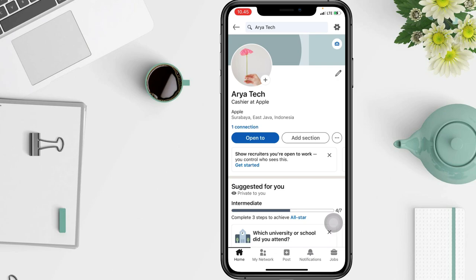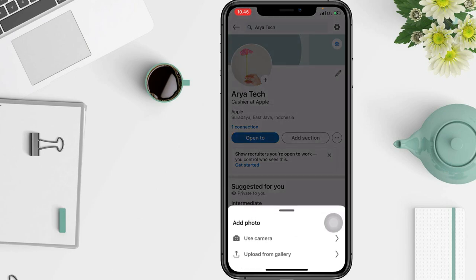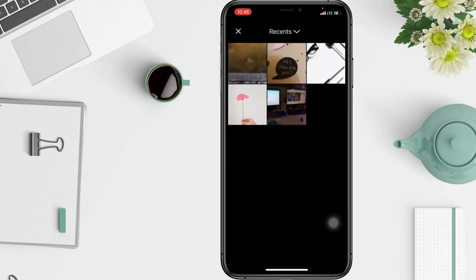After that, you have to click the camera icon in your cover image. You can select "Use Camera" if you don't have a photo yet, or upload from gallery, and then select your image from your gallery.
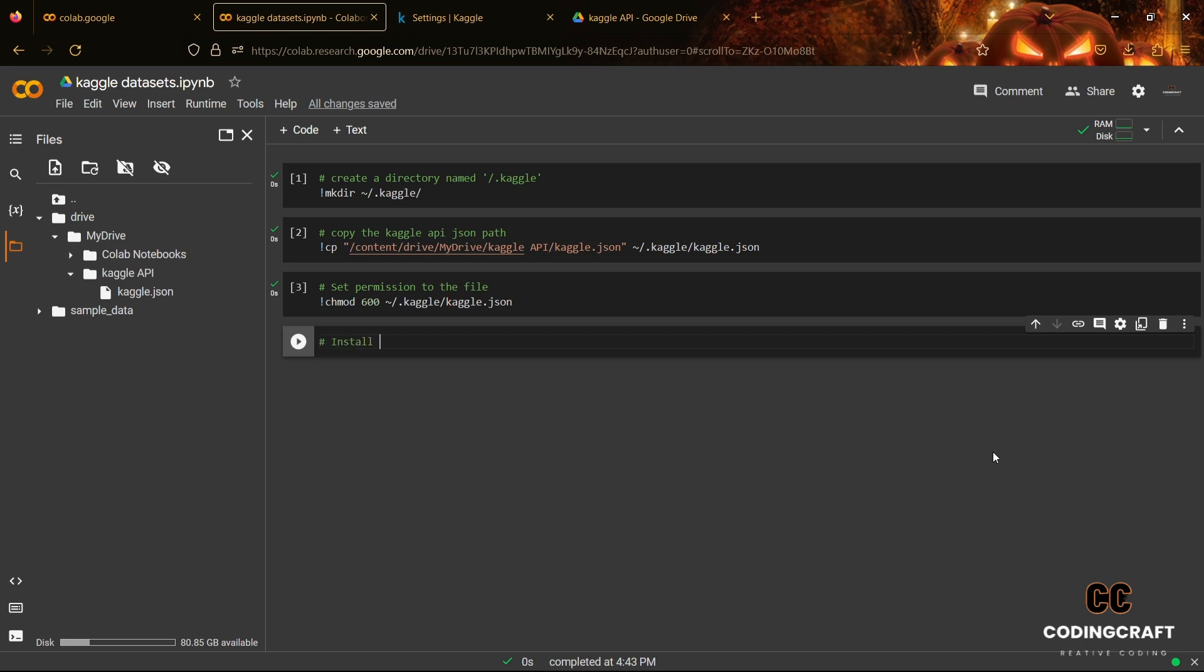Now, the fourth step is to install Kaggle Python package using the pip command that is shown on your screen.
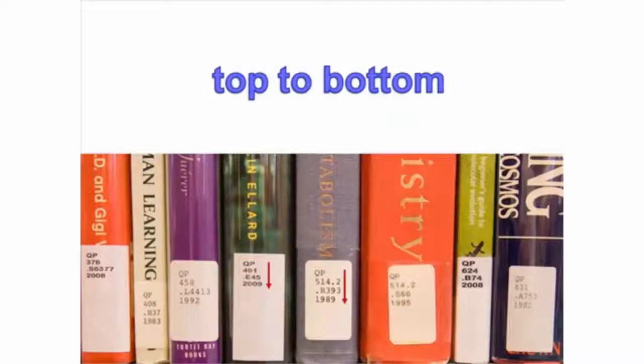Call numbers begin with one, two, or sometimes three letters which indicate the item's broad subject area. These letters are read alphabetically. For example, K would come before KE on the shelf, and KE would come before KF.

## Task
Omit the pictures, then give all the lines above again exactly.

## Exercise response
After that, you have to click the camera icon in your cover image. You can select "Use Camera" if you don't have a photo yet, or upload from gallery, and then select your image from your gallery.
Now, the fourth step is to install Kaggle Python package using the pip command that is shown on your screen.
Call numbers begin with one, two, or sometimes three letters which indicate the item's broad subject area. These letters are read alphabetically. For example, K would come before KE on the shelf, and KE would come before KF.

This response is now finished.